The logic behind this kind of practice is obvious. If you know where something is, then when it comes time to use it, there’s no time wasted trying to find it. In a place like a kitchen, or a workshop of some kind, this can become so beneficial that it allows for a seamless workflow to emerge that is otherwise impossible. When we are undistracted by disrupting and wandering tracks of thought like ‘where the hell is the spatula that I need,” our thinking is free to play around with novel and creative ideas that arise while more mundane tasks are efficiently executed through muscle memory.
The philosophy inherent in this kind of organization can be applied to things other than just tools that are arranged within arms reach.
Take for example anything on the perennial or hypothetical to-do list that is causing stress: something that we’ve been slacking on, or putting off just because it comes with a sense of dread.
All of us are subject to this odd form of self-torture and we are all aware of how much better we’d feel if we just get it over and done with.
But, perhaps one neglected aspect of this whole process is what might have happened in the absence of all that perseverating stress we experienced while procrastinating.

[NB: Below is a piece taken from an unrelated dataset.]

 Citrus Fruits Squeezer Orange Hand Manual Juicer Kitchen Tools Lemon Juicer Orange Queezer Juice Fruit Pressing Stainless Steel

Our thoughts were consumed with the dread, the difficulty, the feelings of unwilling and unwanting. What might have we thought about if there’d been no annoying task to dread and procrastinate on?
The annoying task that we put off is like a lost spatula for the chef. What creative idea might have arisen but never had the chance because the chef was busy looking for the lost spatula?

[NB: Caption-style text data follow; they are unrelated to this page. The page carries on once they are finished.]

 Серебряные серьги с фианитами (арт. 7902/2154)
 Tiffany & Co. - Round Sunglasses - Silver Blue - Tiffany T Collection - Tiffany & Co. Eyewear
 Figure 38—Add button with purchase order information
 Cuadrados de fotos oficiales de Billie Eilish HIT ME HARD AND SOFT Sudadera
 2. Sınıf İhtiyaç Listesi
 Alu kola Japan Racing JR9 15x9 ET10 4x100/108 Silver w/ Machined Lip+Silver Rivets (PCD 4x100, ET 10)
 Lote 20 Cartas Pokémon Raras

This brings us to a deeper reason why a to-do list, however simple, offers potential benefits that far outstrip the naivety of such simplicity. The to-do list certainly helps us get things done, but more importantly, it frees up time and attention and emotions for more interesting work that is easily hampered .
Imagine for example someone who is sitting at a computer trying to write the next chapter of their novel, but can’t seem to concentrate because they are worried about their credit card statement. We all waste innumerable valuable minutes everyday with this sort of inefficient division of attention.
We can wonder: if the writer took a few minutes to simply pay off what was possible in that moment, how much more free would the writer be to concentrate on the more gratifying task of working on their novel?
This isn’t so much having a to-do list, but more about an organization of that to-do list.
Where the chef as mise en place, we can think of task en place.
Is our to-do list in a thoughtful order?
If we leave all of the least desirable tasks till the very end, not only are they more likely to spill over into the next day when we fail to get them done, but anything we might try to do in the mean time is tainted with the dark cloud of such a future task hanging over us.